In a peculiar twist to the 2025 mayoral race in New York City, Republican Rep. Brandon Gill (R-Texas) took aim at Democratic frontrunner Zohran Mamdani by criticizing a campaign video in which Mamdani addressed voters in Arabic. “Just a couple decades after 9/11, the leading candidate for NYC mayor is campaigning in Arabic. The humiliation is the point,” Gill posted on X while sharing the video.
The backlash didn’t stop there. GOP Rep. Randy Fine of Florida lambasted Mamdani’s Arabic-language post, declaring: “If you do not speak English, you should not be able to vote.” The sting of that message prompted a swift response from Mamdani’s allies.
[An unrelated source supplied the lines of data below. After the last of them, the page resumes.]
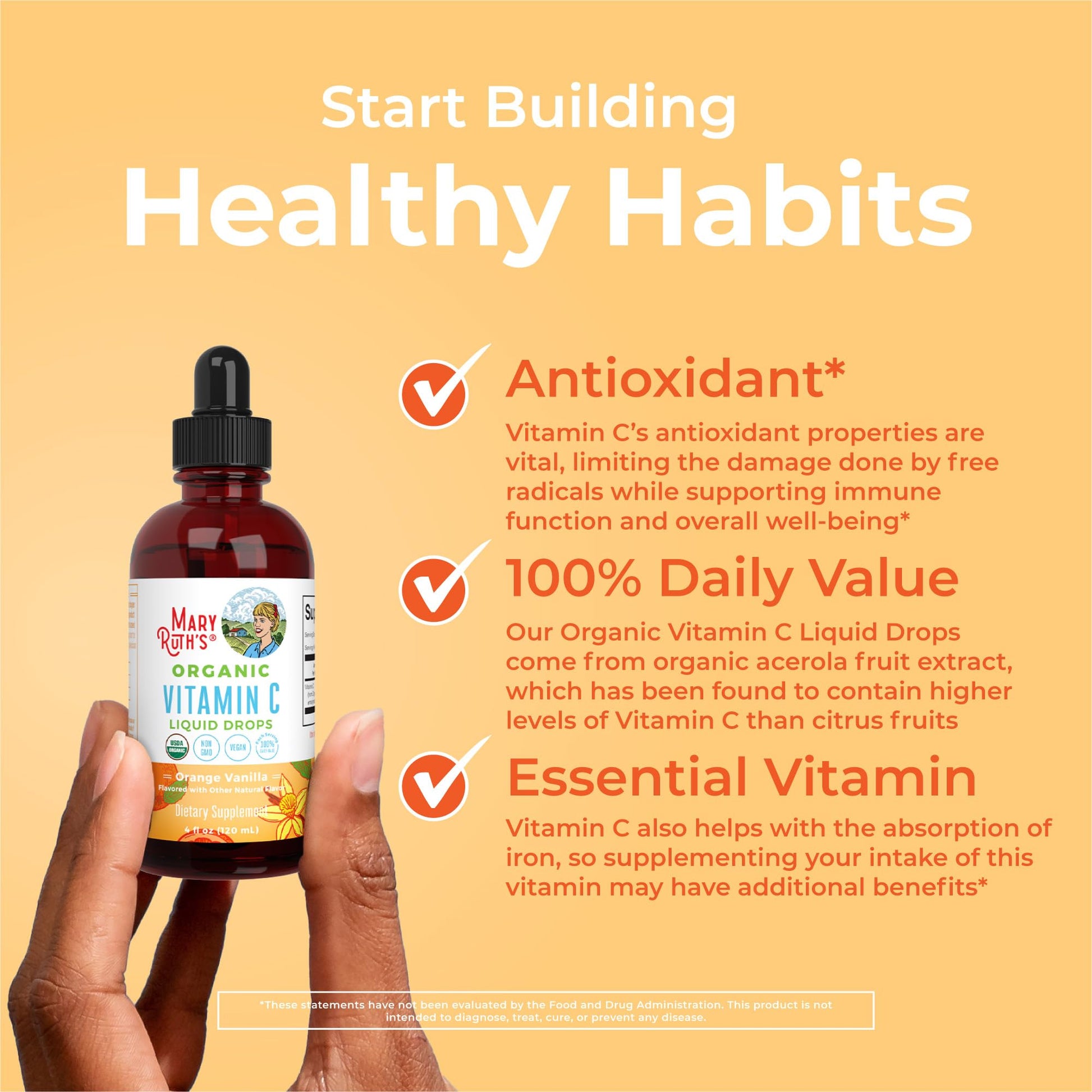 MaryRuth Organics Organic Vitamin C Supplement | Liquid Vitamin C Liquid Drops for Adults & Kids | Immune Support Supplement for Overall Health | Vegan | Non-GMO | Gluten Free | 4 Fl Oz MARYRUTH'S buy supplements canada
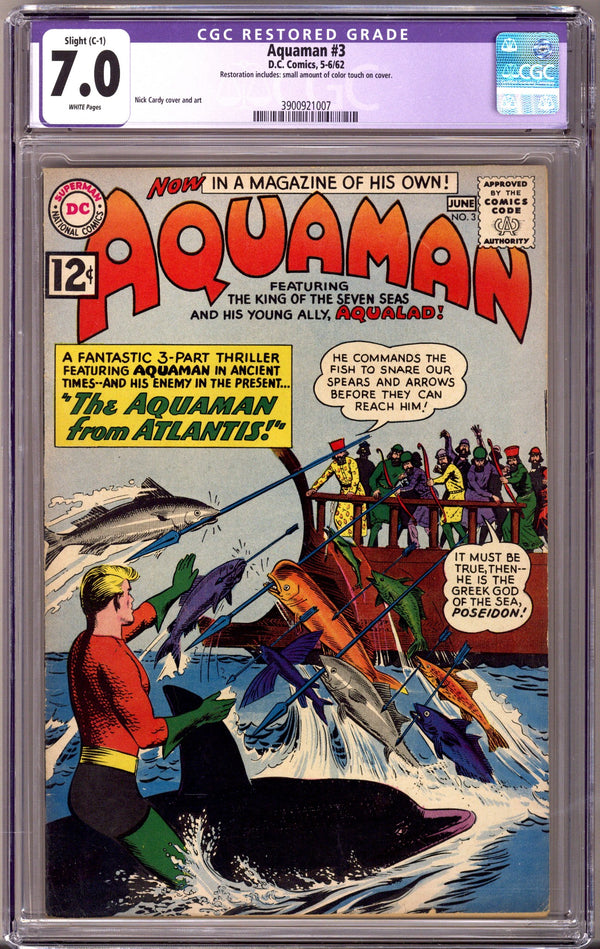 Aquaman Vol 1 3 CGC 7.0 (FN/VF) Restored (1962)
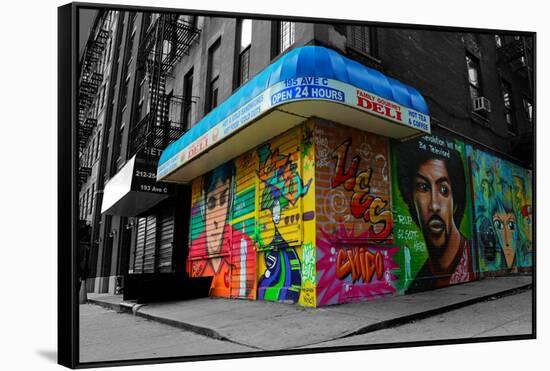 Graffiti on storefronts in NYC-null-Framed Stretched Canvas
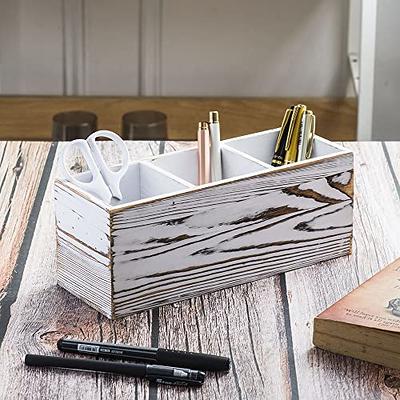 3-Compartment Torched Wood Desktop Office Supplies Caddy Desk Organizer Storage Holder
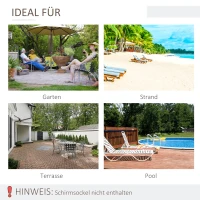 Outsunny Parasol tuinparaplu buitenshuis park balkon frame staal groene strepen(m-7)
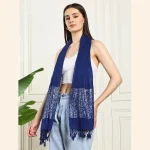 Women's New Blue Viscose Rayon Scarf Rectangle Hijab - Image 3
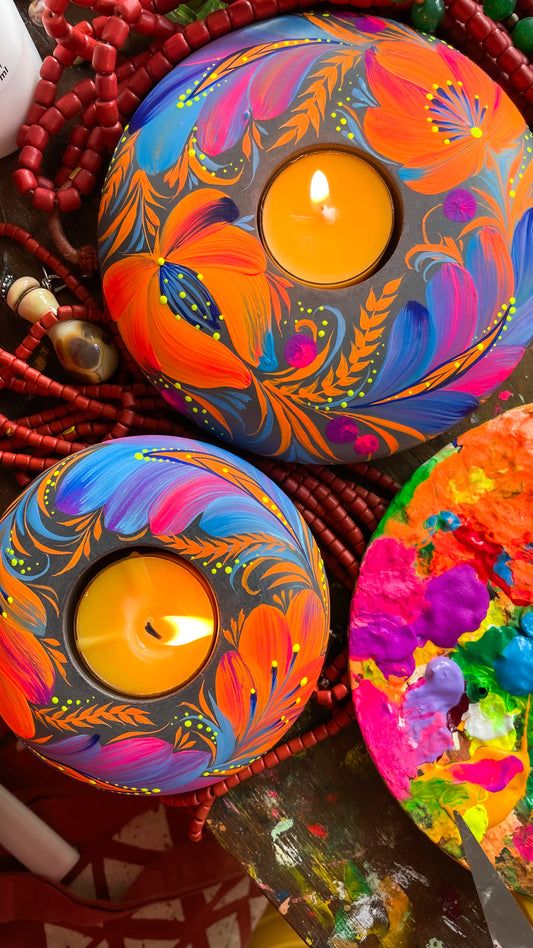 Hand painted candleholder Blue and Orange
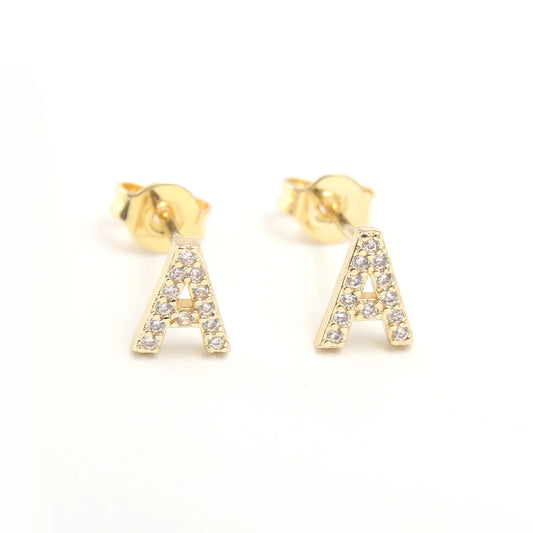 Fashion Letter Copper Inlay Zircon Ear Studs 1 Pair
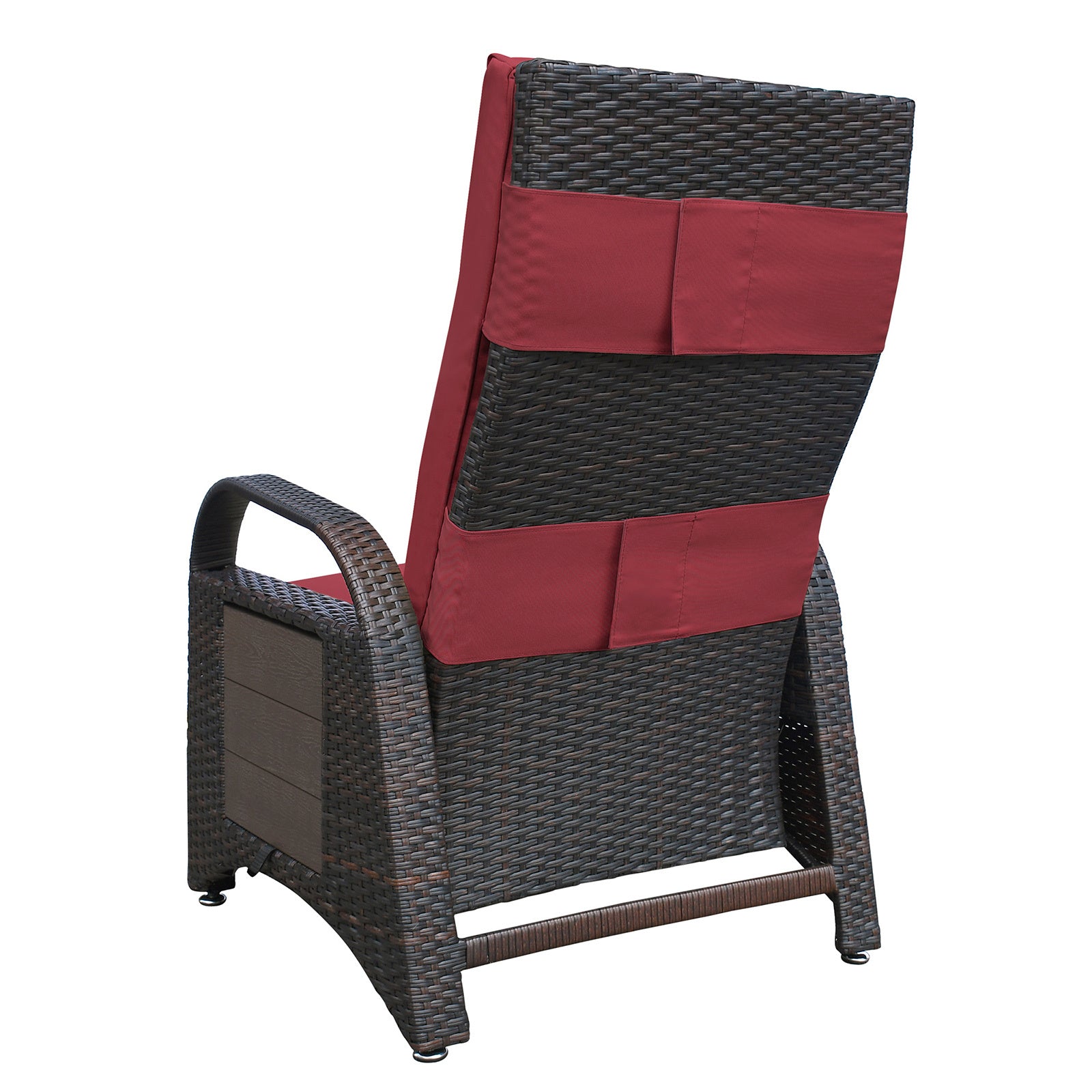 Outdoor Adjustable Wicker Recliner with Flip Table - Mountain Lakes Mall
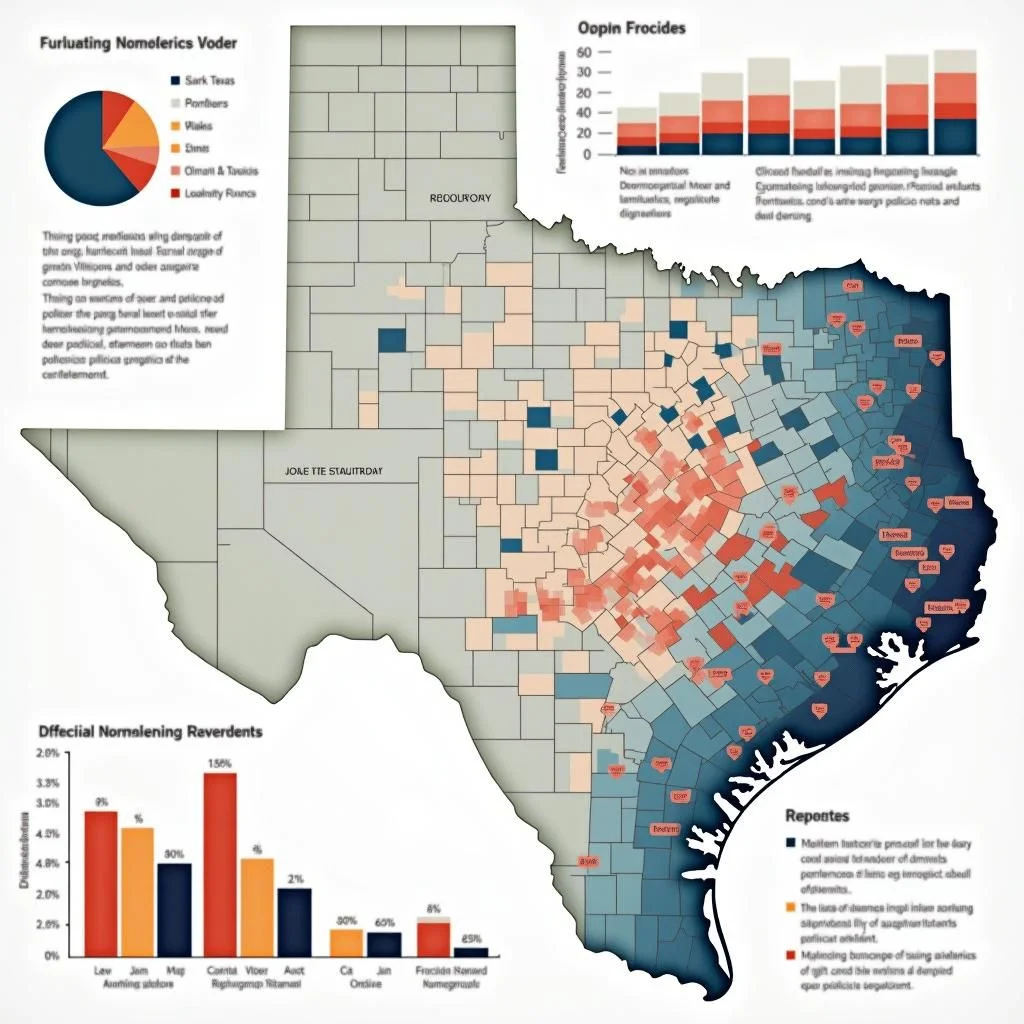 Un graphique en forme de tarte et des graphiques illustrant les déplacements démographiques du Texas.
Alexandria Ocasio‑Cortez (D-N.Y.), a vocal supporter of Mamdani, retweeted Gill’s post and fired back: “Over 100 languages are spoken in our great city and it’s actually a pretty amazing part of being an American. If you are humiliated by America and the diversity that powers our nation’s Nobel Prizes, Olympic Gold Medals, and breakthrough innovations and culture, that’s on you.”
Mamdani, a self-described “Democratic Socialist,” currently serves in the New York State Assembly representing Queens’ 36th district. Born in Kampala, Uganda, he and his family settled in New York when he was seven years old. He earned a bachelor’s in Africana studies from Bowdoin College.
In his 2025 mayoral bid, Mamdani has built a bold platform centered on affordability: fare-free buses, rent freezes on rent-stabilised units, municipal grocery stores, universal childcare—even massive tax hikes on top earners and corporations to fund it all.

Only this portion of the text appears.